Tips for changing your cat's diet
Switching your cat's diet to a new food takes some planning. Because cats are creatures of habit, they’ll usually prefer their current food rather than trying something new. They, like humans, become accustomed to something and may not welcome a disruption to their routine.
Here are some things to keep in mind when changing your cat’s diet:
Introduce the new food gradually. Initially, offer your cat 25% of the new food with 75% of their current food. Slowly change the proportions over the next three days or so by gradually increasing the amount of new food and decreasing the amount of old food. At the end of this weaning process, you should be feeding 100% of the new food.
Stick with it. If your cat does not seem to like the new food straight away, keep offering it alongside their old food until they are starting to accept the change.
Cut down the treats. When trying to change your cat’s diet – especially if you are switching between wet or dry, cut out the treats completely. Offering table scraps or other treats will teach your cat that there is another option for getting their daily food, and it’s not the best nutrition for your feline friend.

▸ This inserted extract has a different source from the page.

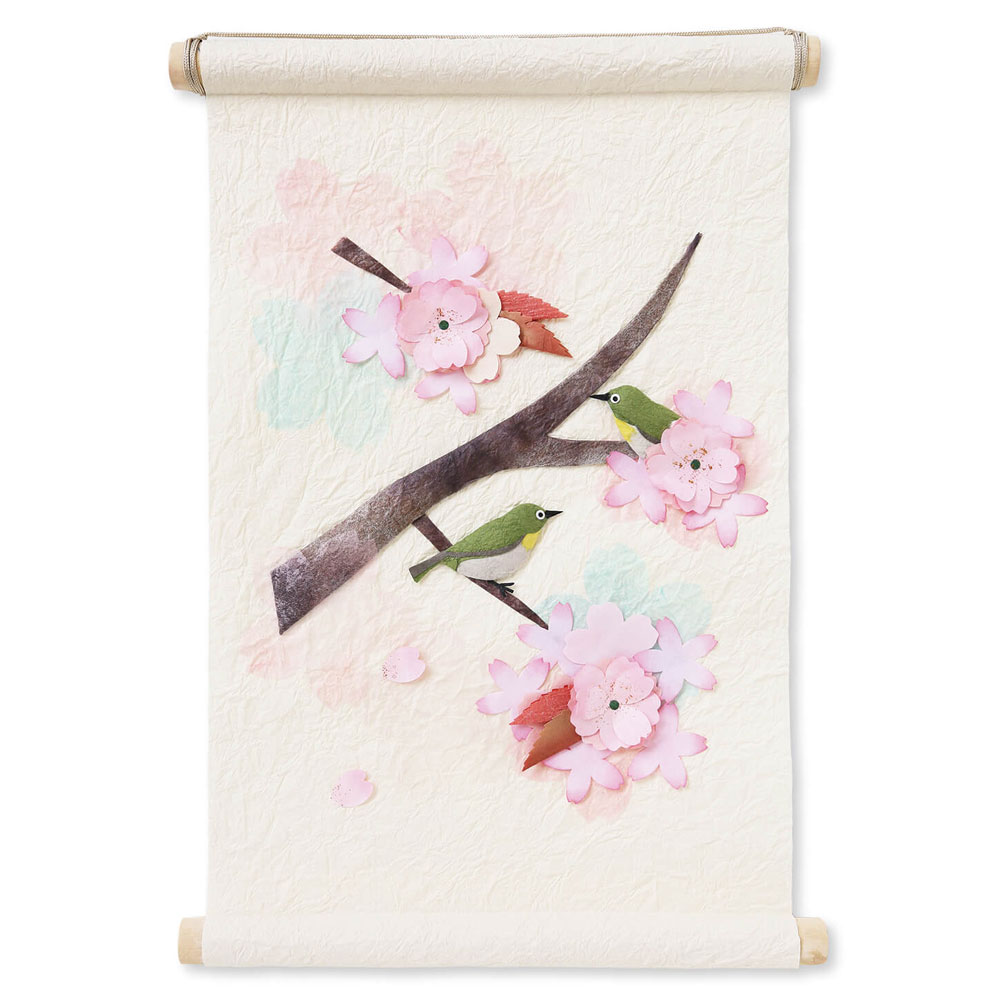 和紙タペストリー　季題掛け軸　桜とめじろ　めでたや　Seasonal decoration  Japanese paper tapestry|タペストリー|インテリア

Why your cat might be off their food
If your cat has gone off their food, don’t assume it’s them being fussy. It might be something else that’s going on in their lives.
Perhaps another animal has been introduced to the family, or a new baby? Have you bought them a new bowl, or changed their feeding area? If a cat’s surroundings change suddenly, this can cause some strange behaviour, including going off their food.
If your cat seems healthy, happy and lively, has a good coat and clear eyes, there is generally little cause for concern. Keep giving your cat food and fresh water, and keep an eye on their behaviour and it should go back to normal in a couple of days. If your cat is off their food for an extended period of time be sure to visit your vet.
What every cat needs
Regardless of which food you choose for your cat, make sure they’ve got plenty of fresh, clean water available.
Give your cat a quiet, comfortable place to eat, away from family hustle and bustle. And remember, regular visits to the vet help to keep your cat happy and healthy.